Het kunstmestregister, vermeld in het eerste lid, bestaat uit twee delen, namelijk: 1° een gebruiksregister waarin het gebruik van kunstmest op perceelsniveau genoteerd wordt conform paragraaf 2;2° een verhandelingsregister waarin de landbouwer de kunstmeststromen op zijn bedrijf verantwoordt conform paragraaf 3. § 2. De landbouwer zorgt dat in het gebruiksregister, vermeld in paragraaf 1, tweede lid, het gebruik van kunstmest op al de tot het bedrijf behorende percelen landbouwgrond genoteerd wordt.
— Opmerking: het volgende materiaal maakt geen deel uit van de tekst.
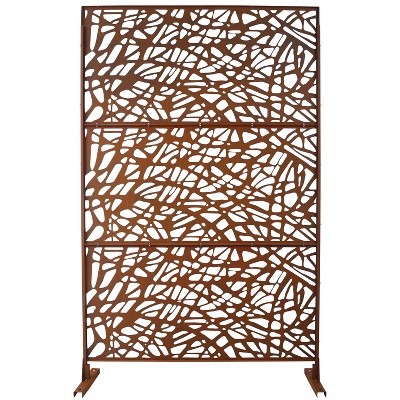 Grungis Matrix Metal Decorative Patio Screens,Freestanding Privacy Fence Panels in Web Pattern for Deck Balcony Patio,76" H×48" W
De landbouwer zorgt dat, per tot het bedrijf behorend perceel landbouwgrond, elk gebruik van kunstmest wordt genoteerd. Daarbij worden voor elk gebruik van kunstmest, per bemesting, al de volgende gegevens genoteerd: 1° de identificatie van het perceel of de percelen waarop de kunstmest gebruikt is;2° de datum waarop de kunstmest gebruikt is;3° de identificatie van de soort kunstmest die gebruikt is.Daaronder wordt verstaan: de samenstelling, uitgedrukt in percentage N en percentage P2O5, van de gebruikte kunstmest en de naam van de gebruikte kunstmest; 4° de hoeveelheid kunstmest die gebruikt is, uitgedrukt in kilogram of in liter. Een notitie in het register mag alleen betrekking hebben op een bemesting op verschillende percelen landbouwgrond als de opgebrachte kunstmest op dezelfde dag opgebracht is en gelijkmatig verspreid is over de verschillende percelen in kwestie.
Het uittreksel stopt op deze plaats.